> **How to complete this task**
Give the data again exactly as it appears.

[Stored entries]
- Opening Delimiter -

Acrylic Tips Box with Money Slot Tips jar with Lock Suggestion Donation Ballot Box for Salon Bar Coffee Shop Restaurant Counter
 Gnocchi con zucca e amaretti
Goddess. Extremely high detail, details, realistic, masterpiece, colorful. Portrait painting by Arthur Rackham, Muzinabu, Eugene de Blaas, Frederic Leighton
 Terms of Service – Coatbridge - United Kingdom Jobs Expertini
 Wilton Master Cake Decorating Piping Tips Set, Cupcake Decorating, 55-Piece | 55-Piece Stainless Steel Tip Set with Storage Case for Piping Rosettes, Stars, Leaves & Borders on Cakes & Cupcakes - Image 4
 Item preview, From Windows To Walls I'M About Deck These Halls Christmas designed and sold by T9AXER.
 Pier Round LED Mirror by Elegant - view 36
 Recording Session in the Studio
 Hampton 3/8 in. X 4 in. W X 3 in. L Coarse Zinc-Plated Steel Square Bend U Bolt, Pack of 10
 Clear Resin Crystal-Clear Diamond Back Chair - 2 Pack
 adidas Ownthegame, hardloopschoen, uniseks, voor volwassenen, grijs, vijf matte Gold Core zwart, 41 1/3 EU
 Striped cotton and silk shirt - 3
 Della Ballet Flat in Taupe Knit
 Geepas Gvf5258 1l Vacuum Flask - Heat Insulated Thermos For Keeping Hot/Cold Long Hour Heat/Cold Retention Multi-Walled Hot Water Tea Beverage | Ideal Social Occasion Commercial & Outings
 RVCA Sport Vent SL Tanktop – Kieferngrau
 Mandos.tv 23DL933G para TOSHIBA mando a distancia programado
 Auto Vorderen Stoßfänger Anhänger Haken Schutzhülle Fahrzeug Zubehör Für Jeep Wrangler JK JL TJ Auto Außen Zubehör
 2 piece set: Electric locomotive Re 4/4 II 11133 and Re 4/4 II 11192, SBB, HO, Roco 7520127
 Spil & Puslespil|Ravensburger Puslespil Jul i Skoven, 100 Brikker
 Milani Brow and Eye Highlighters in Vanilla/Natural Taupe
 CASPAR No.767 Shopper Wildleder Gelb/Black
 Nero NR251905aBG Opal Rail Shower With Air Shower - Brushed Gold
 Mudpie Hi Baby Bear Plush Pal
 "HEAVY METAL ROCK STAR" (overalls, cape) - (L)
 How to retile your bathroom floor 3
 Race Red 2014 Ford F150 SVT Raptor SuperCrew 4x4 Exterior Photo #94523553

- Closing Delimiter -

> **Exercise output**
Acrylic Tips Box with Money Slot Tips jar with Lock Suggestion Donation Ballot Box for Salon Bar Coffee Shop Restaurant Counter
 Gnocchi con zucca e amaretti
Goddess. Extremely high detail, details, realistic, masterpiece, colorful. Portrait painting by Arthur Rackham, Muzinabu, Eugene de Blaas, Frederic Leighton
 Terms of Service – Coatbridge - United Kingdom Jobs Expertini
 Wilton Master Cake Decorating Piping Tips Set, Cupcake Decorating, 55-Piece | 55-Piece Stainless Steel Tip Set with Storage Case for Piping Rosettes, Stars, Leaves & Borders on Cakes & Cupcakes - Image 4
 Item preview, From Windows To Walls I'M About Deck These Halls Christmas designed and sold by T9AXER.
 Pier Round LED Mirror by Elegant - view 36
 Recording Session in the Studio
 Hampton 3/8 in. X 4 in. W X 3 in. L Coarse Zinc-Plated Steel Square Bend U Bolt, Pack of 10
 Clear Resin Crystal-Clear Diamond Back Chair - 2 Pack
 adidas Ownthegame, hardloopschoen, uniseks, voor volwassenen, grijs, vijf matte Gold Core zwart, 41 1/3 EU
 Striped cotton and silk shirt - 3
 Della Ballet Flat in Taupe Knit
 Geepas Gvf5258 1l Vacuum Flask - Heat Insulated Thermos For Keeping Hot/Cold Long Hour Heat/Cold Retention Multi-Walled Hot Water Tea Beverage | Ideal Social Occasion Commercial & Outings
 RVCA Sport Vent SL Tanktop – Kieferngrau
 Mandos.tv 23DL933G para TOSHIBA mando a distancia programado
 Auto Vorderen Stoßfänger Anhänger Haken Schutzhülle Fahrzeug Zubehör Für Jeep Wrangler JK JL TJ Auto Außen Zubehör
 2 piece set: Electric locomotive Re 4/4 II 11133 and Re 4/4 II 11192, SBB, HO, Roco 7520127
 Spil & Puslespil|Ravensburger Puslespil Jul i Skoven, 100 Brikker
 Milani Brow and Eye Highlighters in Vanilla/Natural Taupe
 CASPAR No.767 Shopper Wildleder Gelb/Black
 Nero NR251905aBG Opal Rail Shower With Air Shower - Brushed Gold
 Mudpie Hi Baby Bear Plush Pal
 "HEAVY METAL ROCK STAR" (overalls, cape) - (L)
 How to retile your bathroom floor 3
 Race Red 2014 Ford F150 SVT Raptor SuperCrew 4x4 Exterior Photo #94523553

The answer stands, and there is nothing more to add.